Im Ausflugslokal «Rost's Wiesen» klappern wieder die Teller. Für Geschäftsführer Uwe Schreier, der in Augustusburg auch ein Café betreibt, ist das Musik in den Ohren. «Es tut gut zu sehen, dass hier wieder Leben herrscht», sagte er am Freitag. Das Telefon habe sich «heiß geklingelt», weil Anrufer - vor allem aus dem Umland, aber auch aus Dresden und Plauen - sich am Osterwochenende einen Tisch sichern wollten. Nach fünf Monaten Lockdown haben seit 1. April wieder Restaurants und Hotels in der 4500 Einwohner zählenden Stadt im Landkreis Mittelsachsen für private Gäste geöffnet - als erste in Sachsen. Schreier: «Wir sind für jeden Strohhalm dankbar.»
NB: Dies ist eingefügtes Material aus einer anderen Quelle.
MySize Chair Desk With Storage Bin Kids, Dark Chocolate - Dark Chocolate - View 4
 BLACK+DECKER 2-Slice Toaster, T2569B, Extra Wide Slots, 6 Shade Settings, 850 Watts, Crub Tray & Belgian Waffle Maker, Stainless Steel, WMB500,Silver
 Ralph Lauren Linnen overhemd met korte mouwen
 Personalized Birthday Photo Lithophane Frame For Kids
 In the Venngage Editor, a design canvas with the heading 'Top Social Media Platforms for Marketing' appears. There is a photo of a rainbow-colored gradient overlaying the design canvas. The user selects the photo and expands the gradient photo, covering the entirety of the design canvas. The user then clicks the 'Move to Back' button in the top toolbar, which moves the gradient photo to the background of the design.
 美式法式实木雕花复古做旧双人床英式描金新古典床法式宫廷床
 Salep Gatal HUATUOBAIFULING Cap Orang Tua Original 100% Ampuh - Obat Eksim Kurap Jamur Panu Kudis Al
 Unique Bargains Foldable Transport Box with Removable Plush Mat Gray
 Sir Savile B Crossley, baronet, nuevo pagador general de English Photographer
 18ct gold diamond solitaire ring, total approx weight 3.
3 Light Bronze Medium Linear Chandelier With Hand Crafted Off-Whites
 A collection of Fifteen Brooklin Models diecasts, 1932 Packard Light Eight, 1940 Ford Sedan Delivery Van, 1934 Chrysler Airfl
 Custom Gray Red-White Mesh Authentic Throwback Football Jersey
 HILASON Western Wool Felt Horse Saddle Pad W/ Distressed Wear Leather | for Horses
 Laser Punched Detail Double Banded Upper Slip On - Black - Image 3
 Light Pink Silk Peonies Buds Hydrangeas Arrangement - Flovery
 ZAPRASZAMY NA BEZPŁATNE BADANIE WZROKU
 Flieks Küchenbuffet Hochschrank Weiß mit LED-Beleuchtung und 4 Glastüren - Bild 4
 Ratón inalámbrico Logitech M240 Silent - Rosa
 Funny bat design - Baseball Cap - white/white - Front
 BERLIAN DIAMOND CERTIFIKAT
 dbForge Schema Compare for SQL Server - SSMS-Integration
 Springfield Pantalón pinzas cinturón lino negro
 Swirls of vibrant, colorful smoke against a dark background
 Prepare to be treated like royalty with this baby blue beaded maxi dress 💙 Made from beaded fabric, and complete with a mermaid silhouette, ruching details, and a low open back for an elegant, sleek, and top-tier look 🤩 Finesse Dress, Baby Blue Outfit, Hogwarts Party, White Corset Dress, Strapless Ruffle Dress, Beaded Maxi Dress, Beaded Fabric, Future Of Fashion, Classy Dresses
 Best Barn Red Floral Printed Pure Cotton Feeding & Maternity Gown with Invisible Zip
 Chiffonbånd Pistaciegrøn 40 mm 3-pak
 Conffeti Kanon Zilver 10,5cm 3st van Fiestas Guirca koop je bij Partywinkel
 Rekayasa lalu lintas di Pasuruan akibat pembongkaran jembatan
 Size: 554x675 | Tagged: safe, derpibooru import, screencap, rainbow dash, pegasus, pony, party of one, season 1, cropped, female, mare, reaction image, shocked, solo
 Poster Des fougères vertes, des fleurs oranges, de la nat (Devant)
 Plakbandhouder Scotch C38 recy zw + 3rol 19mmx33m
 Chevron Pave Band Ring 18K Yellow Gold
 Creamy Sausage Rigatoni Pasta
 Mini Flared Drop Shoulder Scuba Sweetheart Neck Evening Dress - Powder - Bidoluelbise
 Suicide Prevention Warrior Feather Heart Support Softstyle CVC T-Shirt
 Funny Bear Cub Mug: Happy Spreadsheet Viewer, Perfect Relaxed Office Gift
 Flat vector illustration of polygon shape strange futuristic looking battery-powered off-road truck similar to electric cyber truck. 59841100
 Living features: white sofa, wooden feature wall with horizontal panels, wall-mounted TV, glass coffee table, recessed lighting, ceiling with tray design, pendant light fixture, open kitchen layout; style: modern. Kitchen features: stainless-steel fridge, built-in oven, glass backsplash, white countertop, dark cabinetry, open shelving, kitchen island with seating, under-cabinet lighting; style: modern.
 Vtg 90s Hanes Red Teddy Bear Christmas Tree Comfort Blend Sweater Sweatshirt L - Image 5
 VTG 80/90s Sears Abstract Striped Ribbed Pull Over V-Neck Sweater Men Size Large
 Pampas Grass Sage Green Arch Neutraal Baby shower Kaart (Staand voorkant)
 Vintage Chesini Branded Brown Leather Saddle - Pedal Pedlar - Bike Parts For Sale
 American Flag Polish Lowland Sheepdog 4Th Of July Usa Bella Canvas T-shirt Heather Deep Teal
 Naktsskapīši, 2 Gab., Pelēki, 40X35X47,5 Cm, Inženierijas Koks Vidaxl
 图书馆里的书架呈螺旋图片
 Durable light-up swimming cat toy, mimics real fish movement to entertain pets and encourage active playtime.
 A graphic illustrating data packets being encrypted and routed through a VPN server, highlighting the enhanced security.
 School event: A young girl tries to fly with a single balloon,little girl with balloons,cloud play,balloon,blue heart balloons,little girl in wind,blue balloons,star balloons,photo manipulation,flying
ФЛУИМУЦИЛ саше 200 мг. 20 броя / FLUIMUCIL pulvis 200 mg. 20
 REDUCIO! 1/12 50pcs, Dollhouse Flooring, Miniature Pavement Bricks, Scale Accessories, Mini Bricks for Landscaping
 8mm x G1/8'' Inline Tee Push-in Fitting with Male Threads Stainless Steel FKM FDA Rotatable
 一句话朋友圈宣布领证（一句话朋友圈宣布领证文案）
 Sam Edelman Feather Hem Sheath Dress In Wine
Möglich macht das ein Modellprojekt, an dem schon länger in Augustusburg gearbeitet wird. Doch erst am Mittwoch - einen Tag vor dem Start - gab das zuständige Landratsamt grünes Licht. «Das ist für Sachsen ein großes Hoffnungsprojekt», schwärmte Wirtschaftsminister Martin Dulig (SPD) zum Auftakt. Auf diese Weise solle gezeigt werden, wie trotz des Virus Öffnungen im Zusammenspiel mit Tests und der Kontaktnachverfolgung möglich seien. Dulig sprach sich für eine kleine Zahl weiterer solcher Projekte aus und bedauerte, dass nicht auch in Oberwiesenthal das Gastgewerbe zu Ostern öffnen kann. Das Landratsamt des Erzgebirgskreises hatte das Projekt am Fichtelberg jüngst gestoppt.

Zuletzt lag die Wocheninzidenz in Augustusburg nach Angaben von Bürgermeister Dirk Neubauer (SPD) rein rechnerisch über der Marke von 300 Neuinfektionen pro 100 000 Einwohnern innerhalb einer Woche. Konkret seien das 14 neue Fälle innerhalb von 7 Tagen. In Sachsen insgesamt lag die Inzidenz am Donnerstag und Freitag um den Wert von 190.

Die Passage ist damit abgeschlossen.